Titanium mesh cages originated in orthopaedic surgery as fenestrated metal sheets used in reconstructive maxilla facial surgery and acetabular replacement surgery more than 20 years ago [19]. These were regularly used to deal with bony defects. Appropriate cutting and moulding allowed support of the onlay bone graft in the desired position until calcification took place (Fig. 1).
Fig. 1.
Classic indication for TMC: reconstruction of spondylolisthesis with anterior support of the vertebral space by TMC and posterior transpedicular fixation.
In 1986, Harms and Biedermann developed the first implant for the spine. The oval-shaped mesh cylinder was designed to act as a vertebral spacer. Graft fracture or collapse—the main complications with autologous anterior strut grafts from iliac crest, tibia or fibula—could be avoided with this new device and represented a significant improvement compared with previous techniques.
Autologous bone graft inside the cylinders turned this implant into a biological vertebral body replacement with metal reinforcement. The simplicity of the design, with its several diameters and its capacity to be individually tailored to suit the prevailing circumstances, conveyed upon it the advantage that it could be applied almost universally.

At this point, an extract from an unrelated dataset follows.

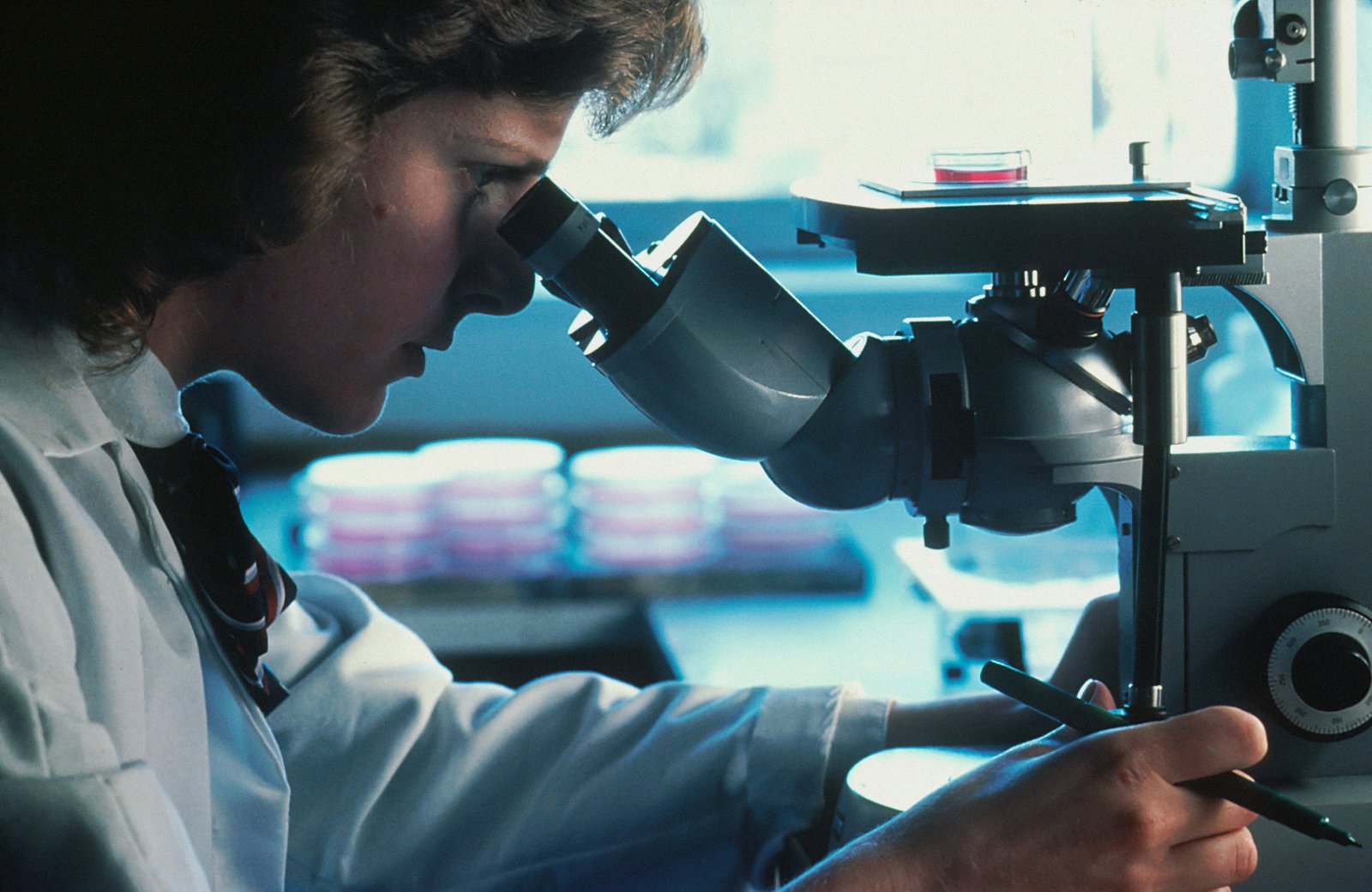 Un hallazgo histórico permite predecir la evolución del cáncer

It is the purpose of this paper to illustrate the use of TMC in regular and special circumstances during spine surgery, by describing our experiences with the implant in a large series of patients.
Patients and methods
Between October 1992 and March 2002, 150 patients underwent implantation of TMCs at various sites along the spine: 63 (42%) in the cervical spine, 26 (17%) in the thoracic spine and 61 (41%) in the lumbar spine. The distribution of gender was almost equal: 74 (49%) women and 76 (51%) men. The average age at surgery was 49 years (SD 19, range 8–85 years).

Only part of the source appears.